Tuesday, January 29, 2013

"When you see a good fight... Get in it!"

These are the immortal words of a latter day freedom fighter named Vernon Johns. I would not be surprised if you don’t recognize his name—don’t worry many are unaware of the contribution he has made to our country.  He is often called the father of the American Civil Rights Movement, and was the predecessor to Martin Luther King, Jr. at Dexter Avenue Baptist Church in Montgomery, Alabama.
Vernon Johns

The operative phrase in John’s exhortation is “a good fight.”  The question is what constitutes a good fight? I would argue that a good fight is one where there is no loser—only victors;  a good fight is one whose result liberates both the Goliaths and Davids;  a good fight is one that ultimately gives life rather than takes life; a  good fight is also a catalyst  whose aftermath creates a multiplier effect that moves us closer to a fairer, more just, and more loving planet.

For the freedom fighters of Montgomery, Alabama the good fight was against an interrelated complex of enemies whose names were racism, prejudice, and legalized and religionized segregation.  Their response, their good fight if you will, was the renowned 381-day Montgomery Bus Boycott.  As a consequence, they were able to desegregate the Montgomery bus system.  Their courageous actions would trigger the desegregation of stores and other institutions in Montgomery. Their bold stand would serve as an essential spark of the Civil Rights Movement of the 50's and 60's. Their efforts created new momentum and a multiplier that would eventually sweep through the south and the country--and would inspire other oppressed people around the world to do the same.  

From Montgomery, Alabama to Montgomery County, MD
What then is the “good fight” for us in Montgomery County, MD in 2013?  I’m sad to report that there are many to choose from—and they remain as modern day manifestations of the same giants that our forbearers in Montgomery, Alabama battled against in their time.  Of all of the fights that we could “pick,” I would argue that poverty is a good fight, a Goliath if you will, that we should take a stand against in this present time.
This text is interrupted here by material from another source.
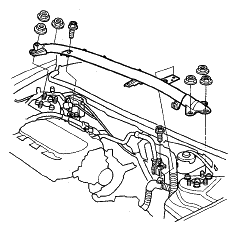 G05458540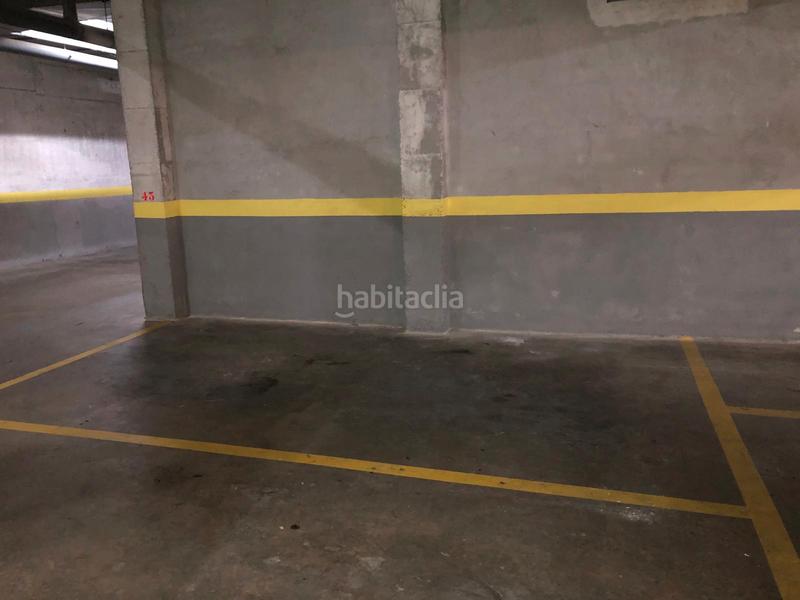 Foto c82861b8-1ccf-4aca-a824-924dd907c492. Planta baixa a carrer del camí del racó 6 a pla de maset - cap de Salou Salou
Why poverty? Because it is visible; it is concrete; and if we truly fight the good fight, we’ll be forced to address some of the other fundamental causes that contribute to poverty (such as racism and other forms of institutionalized discrimination, concentrated privilege, the opportunity gap, and other well-known giants that are too many to name here).  

                                             Our Future is Under Attack--Right Now!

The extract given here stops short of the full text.